Member of the West Virginia Senate from the 9th district
- In office December 1, 2012 – January 3, 2016
- Preceded by: Richard Browning
- Succeeded by: Sue Cline

Member of the West Virginia House of Delegates from the 22nd district
- In office December 1, 2008 – December 1, 2012
- Preceded by: Richard Browning

Personal details
- Born: July 26, 1974 (age 51) Beckley, West Virginia, U.S.
- Party: Republican (before 2008; after 2014)
- Other political affiliations: Democratic (2008–2014)
- Alma mater: Southern West Virginia Community and Technical College Marshall University (B.A.)
- Website: danielhallwv.com

= Daniel Hall (West Virginia politician) =

American politician (born 1974)

Daniel Jackson Hall (born July 26, 1974) is an American politician and a Republican member of the West Virginia Senate representing District 9 between 2012 and 2016. Hall served consecutively in the West Virginia Legislature from December 1, 2008, until December 1, 2012, in the West Virginia House of Delegates in a District 22 seat.
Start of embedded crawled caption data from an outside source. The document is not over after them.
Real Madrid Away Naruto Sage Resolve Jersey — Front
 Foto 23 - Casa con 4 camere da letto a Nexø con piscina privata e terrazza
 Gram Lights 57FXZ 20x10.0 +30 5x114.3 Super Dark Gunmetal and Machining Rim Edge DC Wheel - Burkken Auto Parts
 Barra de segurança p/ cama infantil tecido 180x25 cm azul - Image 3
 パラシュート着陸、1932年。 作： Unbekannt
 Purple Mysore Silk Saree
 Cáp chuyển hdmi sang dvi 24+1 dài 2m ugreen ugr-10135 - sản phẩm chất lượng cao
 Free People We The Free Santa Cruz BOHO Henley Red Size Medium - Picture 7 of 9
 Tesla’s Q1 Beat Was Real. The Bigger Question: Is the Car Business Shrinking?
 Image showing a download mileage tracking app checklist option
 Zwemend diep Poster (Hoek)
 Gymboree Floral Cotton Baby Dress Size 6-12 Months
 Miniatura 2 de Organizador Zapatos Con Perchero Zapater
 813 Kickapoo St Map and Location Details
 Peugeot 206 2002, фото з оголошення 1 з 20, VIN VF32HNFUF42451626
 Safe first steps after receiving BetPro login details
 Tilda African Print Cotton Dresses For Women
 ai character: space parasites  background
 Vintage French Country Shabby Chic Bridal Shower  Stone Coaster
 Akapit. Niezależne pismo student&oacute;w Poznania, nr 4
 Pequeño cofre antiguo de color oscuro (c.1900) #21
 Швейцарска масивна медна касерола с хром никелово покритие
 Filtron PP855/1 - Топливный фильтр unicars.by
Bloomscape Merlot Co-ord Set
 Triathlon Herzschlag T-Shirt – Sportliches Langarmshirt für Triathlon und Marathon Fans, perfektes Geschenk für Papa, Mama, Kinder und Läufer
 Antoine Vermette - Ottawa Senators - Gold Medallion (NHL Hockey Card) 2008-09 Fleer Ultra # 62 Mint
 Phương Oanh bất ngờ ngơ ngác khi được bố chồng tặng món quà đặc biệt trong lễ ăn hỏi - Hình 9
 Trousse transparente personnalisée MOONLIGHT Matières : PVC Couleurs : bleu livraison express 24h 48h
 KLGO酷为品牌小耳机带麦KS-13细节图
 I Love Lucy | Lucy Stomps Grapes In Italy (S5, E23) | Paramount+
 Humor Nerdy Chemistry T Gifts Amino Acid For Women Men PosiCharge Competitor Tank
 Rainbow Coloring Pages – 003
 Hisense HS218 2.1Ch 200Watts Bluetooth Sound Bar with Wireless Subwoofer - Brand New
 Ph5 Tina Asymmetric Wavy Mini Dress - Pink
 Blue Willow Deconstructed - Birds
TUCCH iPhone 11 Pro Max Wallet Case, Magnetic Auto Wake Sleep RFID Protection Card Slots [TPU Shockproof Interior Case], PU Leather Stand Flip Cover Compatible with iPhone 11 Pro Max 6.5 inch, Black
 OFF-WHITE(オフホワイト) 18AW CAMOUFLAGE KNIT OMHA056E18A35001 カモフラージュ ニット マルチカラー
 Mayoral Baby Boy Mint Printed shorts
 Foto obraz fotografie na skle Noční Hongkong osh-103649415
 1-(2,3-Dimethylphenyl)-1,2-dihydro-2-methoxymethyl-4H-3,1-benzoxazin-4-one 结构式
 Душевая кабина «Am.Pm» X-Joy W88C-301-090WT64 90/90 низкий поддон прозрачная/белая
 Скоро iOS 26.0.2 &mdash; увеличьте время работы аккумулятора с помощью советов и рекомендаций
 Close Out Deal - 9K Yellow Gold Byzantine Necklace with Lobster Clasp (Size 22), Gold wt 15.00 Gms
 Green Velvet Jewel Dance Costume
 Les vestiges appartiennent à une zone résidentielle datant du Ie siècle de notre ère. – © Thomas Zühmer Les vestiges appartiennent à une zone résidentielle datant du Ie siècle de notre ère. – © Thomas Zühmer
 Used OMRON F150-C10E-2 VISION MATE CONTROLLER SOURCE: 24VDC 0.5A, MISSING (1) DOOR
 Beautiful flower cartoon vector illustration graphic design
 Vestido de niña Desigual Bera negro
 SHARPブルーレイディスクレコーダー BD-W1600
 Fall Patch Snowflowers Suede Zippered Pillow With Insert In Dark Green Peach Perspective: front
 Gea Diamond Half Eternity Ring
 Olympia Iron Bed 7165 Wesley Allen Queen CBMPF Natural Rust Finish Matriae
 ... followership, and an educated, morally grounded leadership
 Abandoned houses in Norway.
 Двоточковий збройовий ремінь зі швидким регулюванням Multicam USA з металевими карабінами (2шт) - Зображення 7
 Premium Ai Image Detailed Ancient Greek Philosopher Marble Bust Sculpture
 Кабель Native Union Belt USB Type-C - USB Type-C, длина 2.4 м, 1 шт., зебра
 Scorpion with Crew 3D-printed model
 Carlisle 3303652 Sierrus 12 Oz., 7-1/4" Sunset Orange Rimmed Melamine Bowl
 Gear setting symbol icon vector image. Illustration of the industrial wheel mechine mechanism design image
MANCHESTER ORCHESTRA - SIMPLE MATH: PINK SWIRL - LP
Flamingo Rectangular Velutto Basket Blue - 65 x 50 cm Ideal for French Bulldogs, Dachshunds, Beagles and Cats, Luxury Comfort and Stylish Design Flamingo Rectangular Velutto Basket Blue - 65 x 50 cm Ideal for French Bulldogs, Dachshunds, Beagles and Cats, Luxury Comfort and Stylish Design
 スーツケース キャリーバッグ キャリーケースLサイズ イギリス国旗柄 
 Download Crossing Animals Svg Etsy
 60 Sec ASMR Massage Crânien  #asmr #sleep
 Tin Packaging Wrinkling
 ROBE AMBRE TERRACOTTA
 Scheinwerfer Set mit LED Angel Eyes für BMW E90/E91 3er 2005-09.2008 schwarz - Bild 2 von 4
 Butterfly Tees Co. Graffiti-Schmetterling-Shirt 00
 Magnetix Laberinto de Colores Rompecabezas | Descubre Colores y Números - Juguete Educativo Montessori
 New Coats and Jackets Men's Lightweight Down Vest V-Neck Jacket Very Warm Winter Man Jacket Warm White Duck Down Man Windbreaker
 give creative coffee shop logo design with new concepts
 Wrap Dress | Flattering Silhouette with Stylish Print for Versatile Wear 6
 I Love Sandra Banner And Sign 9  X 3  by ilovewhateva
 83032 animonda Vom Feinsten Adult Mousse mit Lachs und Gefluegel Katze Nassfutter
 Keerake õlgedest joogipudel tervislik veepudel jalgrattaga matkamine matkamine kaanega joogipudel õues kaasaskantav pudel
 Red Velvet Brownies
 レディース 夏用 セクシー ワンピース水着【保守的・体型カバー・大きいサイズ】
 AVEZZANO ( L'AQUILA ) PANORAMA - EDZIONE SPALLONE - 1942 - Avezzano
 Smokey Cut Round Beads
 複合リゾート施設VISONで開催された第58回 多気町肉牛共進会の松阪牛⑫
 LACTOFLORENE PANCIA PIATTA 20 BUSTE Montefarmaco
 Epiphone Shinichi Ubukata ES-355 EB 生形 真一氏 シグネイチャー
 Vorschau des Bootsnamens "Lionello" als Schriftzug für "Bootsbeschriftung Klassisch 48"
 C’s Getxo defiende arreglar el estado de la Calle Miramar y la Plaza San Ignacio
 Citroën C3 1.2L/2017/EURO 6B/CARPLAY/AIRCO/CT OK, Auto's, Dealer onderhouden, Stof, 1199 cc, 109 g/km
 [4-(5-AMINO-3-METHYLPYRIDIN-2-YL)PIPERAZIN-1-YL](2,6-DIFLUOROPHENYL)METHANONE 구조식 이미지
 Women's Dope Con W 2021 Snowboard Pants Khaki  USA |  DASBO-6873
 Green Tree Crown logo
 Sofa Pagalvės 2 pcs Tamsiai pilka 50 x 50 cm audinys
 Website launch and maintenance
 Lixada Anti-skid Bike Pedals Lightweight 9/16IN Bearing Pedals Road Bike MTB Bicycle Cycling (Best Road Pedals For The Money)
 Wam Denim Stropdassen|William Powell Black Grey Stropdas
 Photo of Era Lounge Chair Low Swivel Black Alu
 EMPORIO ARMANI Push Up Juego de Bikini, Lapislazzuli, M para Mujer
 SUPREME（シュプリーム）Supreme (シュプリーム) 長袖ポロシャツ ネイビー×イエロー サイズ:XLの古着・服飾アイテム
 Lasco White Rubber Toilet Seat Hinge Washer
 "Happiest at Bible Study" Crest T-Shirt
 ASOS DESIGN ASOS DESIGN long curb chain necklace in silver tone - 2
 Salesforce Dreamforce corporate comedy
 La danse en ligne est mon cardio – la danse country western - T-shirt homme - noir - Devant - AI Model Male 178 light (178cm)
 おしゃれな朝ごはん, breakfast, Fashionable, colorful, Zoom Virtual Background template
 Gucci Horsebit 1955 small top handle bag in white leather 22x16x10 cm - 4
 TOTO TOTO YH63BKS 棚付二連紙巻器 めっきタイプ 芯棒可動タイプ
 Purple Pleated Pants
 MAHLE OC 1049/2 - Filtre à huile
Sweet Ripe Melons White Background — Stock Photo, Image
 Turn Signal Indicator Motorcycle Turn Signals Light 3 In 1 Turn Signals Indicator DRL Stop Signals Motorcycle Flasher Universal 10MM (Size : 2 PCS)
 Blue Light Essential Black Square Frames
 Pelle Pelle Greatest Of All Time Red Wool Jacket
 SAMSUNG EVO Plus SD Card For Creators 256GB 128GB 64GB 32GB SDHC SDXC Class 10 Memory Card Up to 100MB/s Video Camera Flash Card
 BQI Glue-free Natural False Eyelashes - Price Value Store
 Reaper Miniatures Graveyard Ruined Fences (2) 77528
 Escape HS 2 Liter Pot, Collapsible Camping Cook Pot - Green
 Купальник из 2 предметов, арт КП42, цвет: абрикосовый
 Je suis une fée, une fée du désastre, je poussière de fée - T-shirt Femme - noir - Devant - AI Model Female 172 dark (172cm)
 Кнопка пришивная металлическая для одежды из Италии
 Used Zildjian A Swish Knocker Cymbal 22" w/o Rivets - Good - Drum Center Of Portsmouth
He joined the Republican Party on November 5, 2014, to give Republicans control of the Senate in the January 2015 session.

==Education==
Hall attended Southern West Virginia Community and Technical College and earned his B.A. from Marshall University.

==Elections==
- 2012 Hall challenged incumbent Senator Richard Browning in the May 8, 2012 Democratic Primary, winning with 5,303 votes (51.0%), and won the November 6, 2012 General election with 18,502 votes (53.7%) against Republican nominee Epp Cline.
- 2006 Initially in House District 27, when incumbent Democratic Delegates Robert S. Kiss retired and Sally Susman ran for West Virginia Senate leaving two district seats open, Hall ran as a Republican in the eight-way five-selectee 2006 Republican Primary but did not place; in the ten-way five-position November 7, 2006 General election, incumbent Delegates Virginia Mahan (D), Linda Sumner (R), and Ron Thompson (D), and Democratic nominees Mel Kessler (who had run for the seat in 2002) and Rick Moye.
- 2008 Running in District 22, when Delegate Richard Browning ran for West Virginia Senate and left a district seat open, Hall placed second in the six-way May 13, 2008 Democratic Primary with 2,263 votes (18.0%) which displaced Delegate Mike Burdiss, who placed fourth; the frontrunners were unopposed for the November 4, 2008 General election and Hall placed second with 5,887 votes (46.3%) behind fellow challenger Linda Phillips.
- 2010 Hall and Delegate Phillips were unopposed for the May 11, 2010 Democratic Primary where Hall placed second with 1,957 votes (45.2%), and placed second in the three-way two-position November 2, 2010 General election with 3,713 votes (34.1%) behind Delegate Phillips (D) and ahead of Republican nominee Shawn Spears.